[Captioned web images]
◇ ◇ ◇ ◇

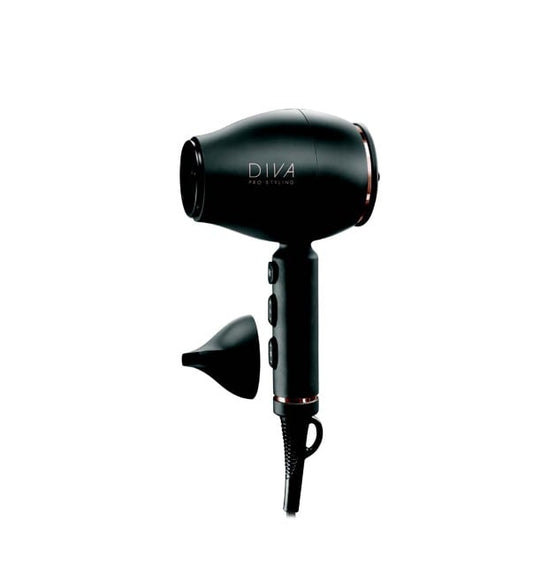 DIVA - Intenso 4000 Pro Compact Dryer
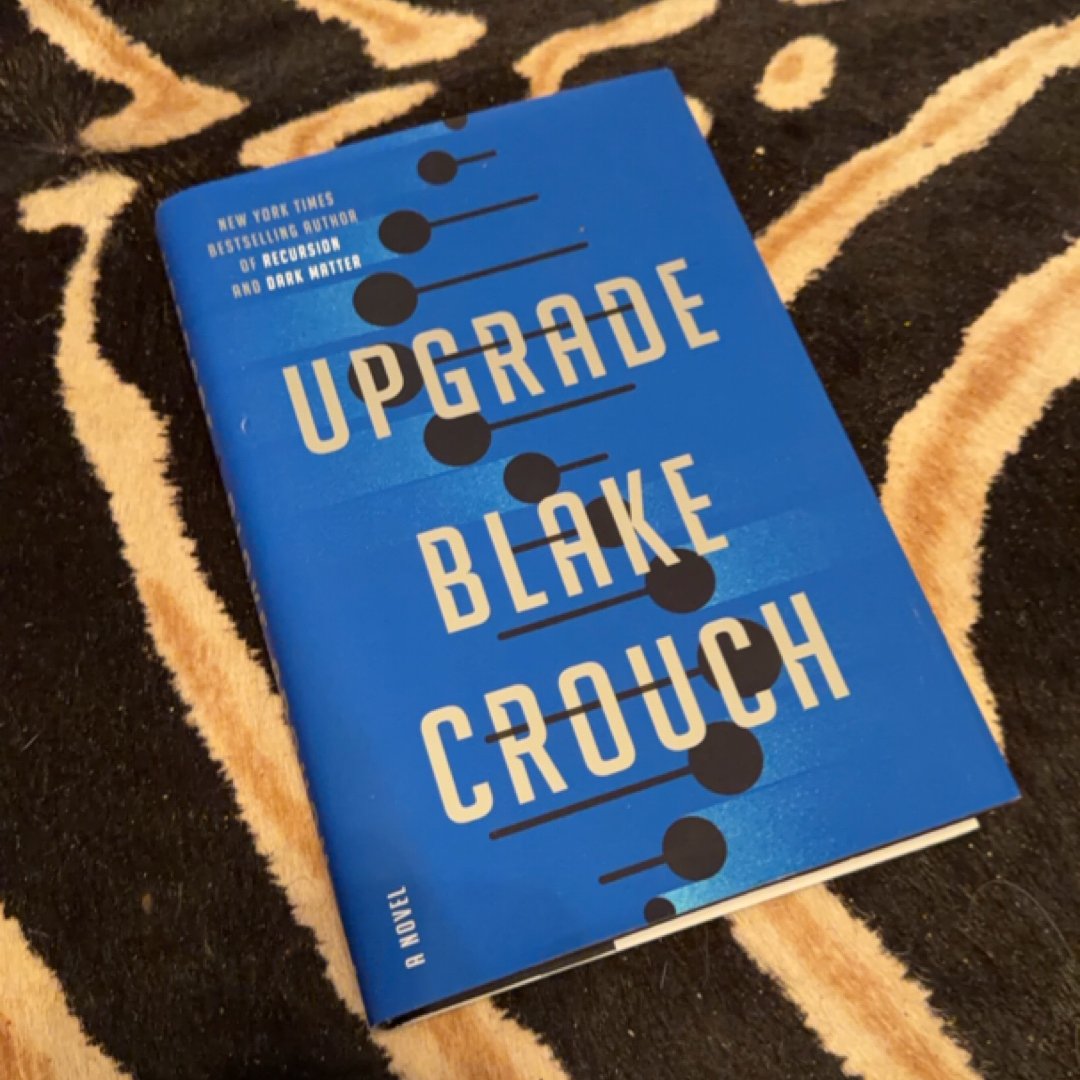 Upgrade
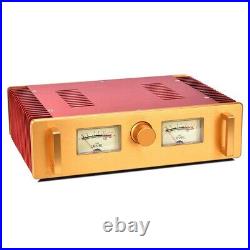 HiFi Class A Power Amplifier Tube Power Amp Output High-End Amp Home Uses P-69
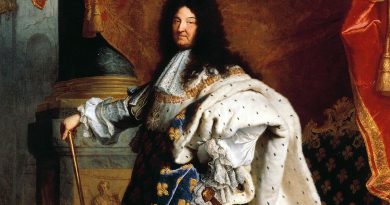 Quand Louis XIV sauvait Cognac ! - ICI
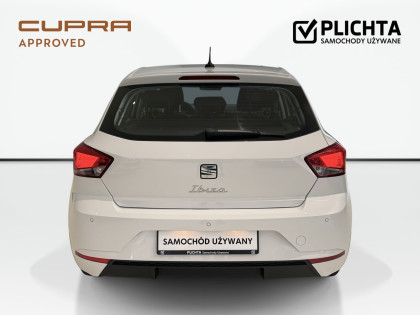 1.0TSI 80KM FullLink Bluetooth Tylne Czujniki Tempomat Isofix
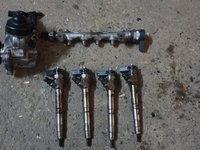 Kit injectie VAG 1.6 TDI motor CRK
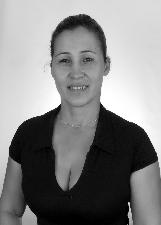 Foto de CRISTIANE RODRIGUES DOS SANTOS
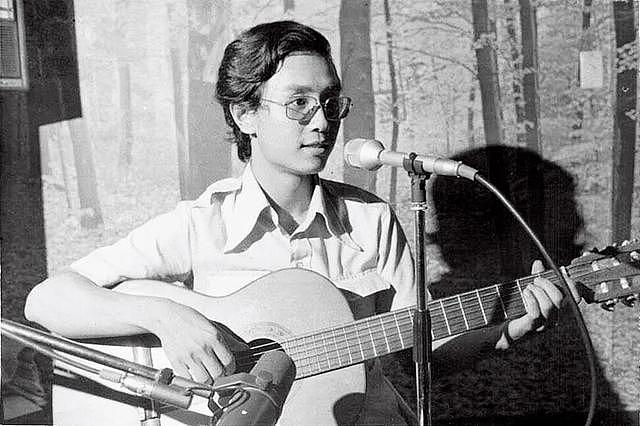 影响了李宗盛、齐豫的著名音乐人，走了（组图） - 2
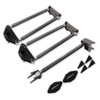Universal Parallel 4 Link Kit Both Ends Adjustable Suspension Links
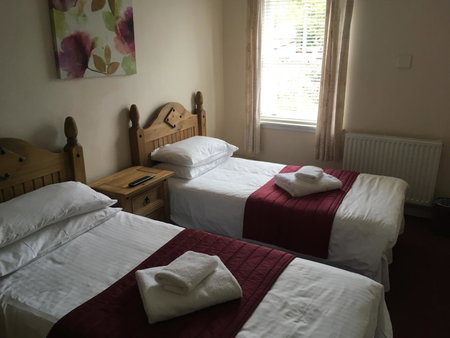 Novar Arms Hotel, Evanton, Royaume-Uni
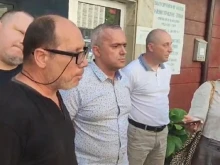 16-годишният Кирил от Дупница е открит от полицейски служители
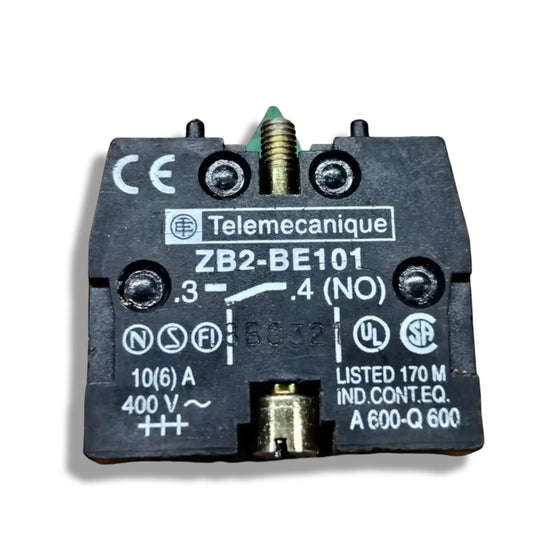 TELEMECANIQUE ZB2-BE101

◇ ◇ ◇ ◇

* _DIRECTIONS_: Return every entry above exactly. Pictures stay out.

* _PROBLEM SOLUTION_:
 DIVA - Intenso 4000 Pro Compact Dryer
 Upgrade
 HiFi Class A Power Amplifier Tube Power Amp Output High-End Amp Home Uses P-69
 Quand Louis XIV sauvait Cognac ! - ICI
 1.0TSI 80KM FullLink Bluetooth Tylne Czujniki Tempomat Isofix
 Kit injectie VAG 1.6 TDI motor CRK
 Foto de CRISTIANE RODRIGUES DOS SANTOS
 影响了李宗盛、齐豫的著名音乐人，走了（组图） - 2
Universal Parallel 4 Link Kit Both Ends Adjustable Suspension Links
 Novar Arms Hotel, Evanton, Royaume-Uni
 16-годишният Кирил от Дупница е открит от полицейски служители
 TELEMECANIQUE ZB2-BE101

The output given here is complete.